Campus News

Professor kick-started her education late in life, but motored into action

“How in the world did you get in my life?”

That’s the question Donna Bliss, an assistant professor in the School of Social Work, asks when she sees her dream motorcycle, a black and silver Harley-Davidson, sitting in her garage. Bliss says that riding recreationally as she does is a kind of meditation. But the motorcycle is also a metaphor for her life and work because Bliss is a woman on the move.

She is a Lilly Teaching Fellow this year, and the program is one reason she chose to come to UGA.

Also, this fall Bliss is an Institute for Behavioral Research Fellow, participating in IBR’s faculty mentoring program.

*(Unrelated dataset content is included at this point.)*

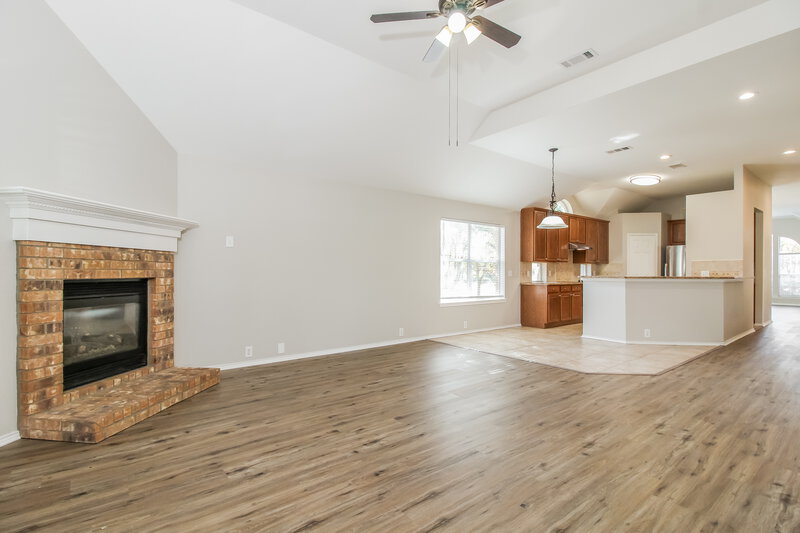 2,770/Mo, 6917 Crenshaw Ln Denton, TX 76210 Living Room View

Last year, she was one of five inaugural Service-Learning Fellows, and it’s her service-learning projects that have made her well known in Athens. Bliss’ social work students have helped evacuees from Hurricane Katrina connect with resources, services and jobs in the Athens area; they have worked with community agencies to develop grassroots interventions to help stem homelessness, drop-out rates, recidivism and poverty; they have developed short films—Bliss calls them digital stories—highlighting the lives of individuals and using the power of storytelling to talk back to the stereotypes of people with social problems.

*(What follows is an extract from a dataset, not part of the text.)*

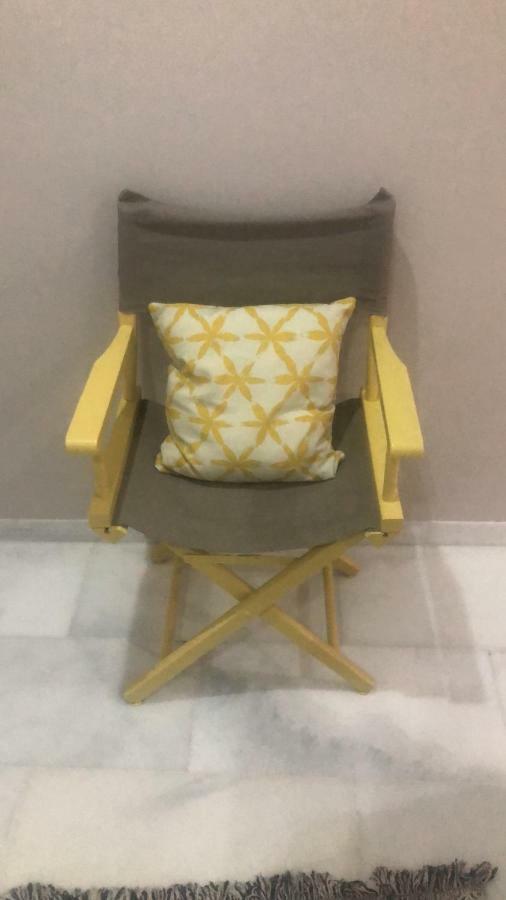 A 70 M. De La Juderia Apartamento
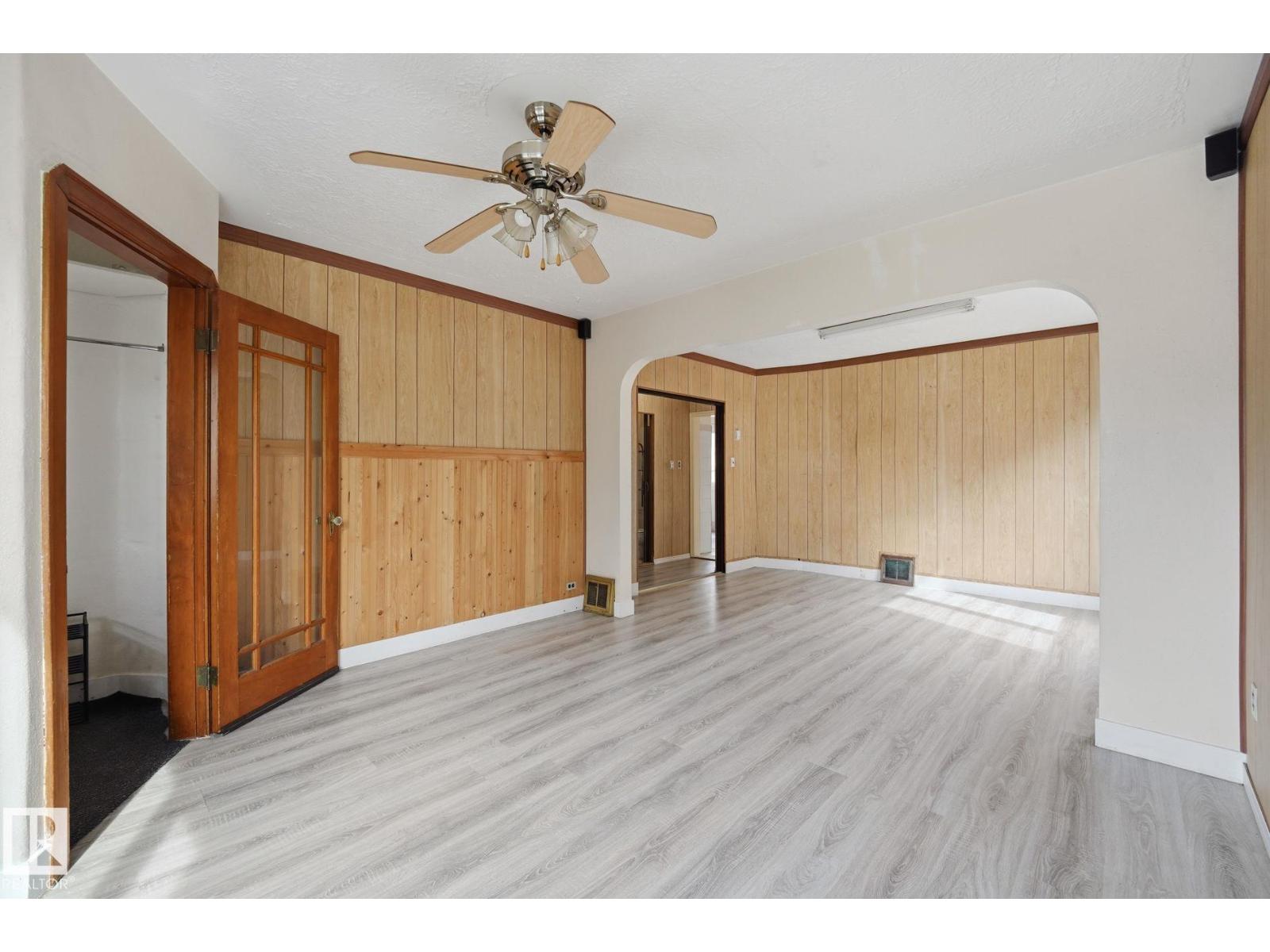 10917 96 ST NW - 6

“What I like about service-learning is that it gives me a conceptual framework and an operational framework to think about how universities and communities can collaborate to help communities with their problems and also facilitate student learning,” she said. “In terms of being a professor, it’s hard for me to separate teaching, research and service. They all go together.”

Bliss is the first person in her family to attend college and when she committed to getting her degree, she was a non-traditional student.

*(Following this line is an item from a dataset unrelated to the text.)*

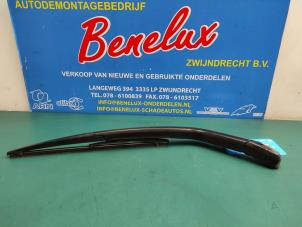 Used Rear wiper arm Daihatsu Cuore (L251/271/276) 1.0 12V DVVT Price on request offered by Benelux Zwijndrecht B.V.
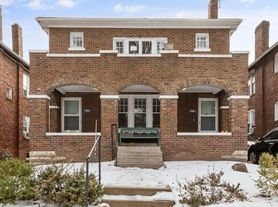 7126 Dartmouth Ave, Saint Louis, MO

“I was a 31-year-old freshman on the University of Maryland, College Park campus,” she said.

After earning her B.A. and M.S.W. degrees, Bliss worked in various drug treatment and mental health facilities as a counselor, caseworker, supervisor or director for 11 years before returning to school to get her Ph.D.

Bliss’ primary area of research is addictions in a broad sense and more specifically she seeks to understand the relationship between spirituality and addiction.

“I am very interested in what it is that makes some people decide to recover from addiction,” said Bliss. “I think like a practitioner, and to me research comes down to how does this affect real people in the real world.”

Because Bliss worked for years in organizations that had few resources, she appreciates the investments UGA has made in supporting its mission.

“One of the things important to acknowledge is that the University of Georgia helps to provide an environment that supports my work through an explicit public service and outreach focus, through the Lilly Teaching Fellows, the resources for research, and it all starts there,” she said. “It’s easy to criticize any large organization, certainly a university, but there are a lot of things that UGA does to support my work and that’s why I’m here.”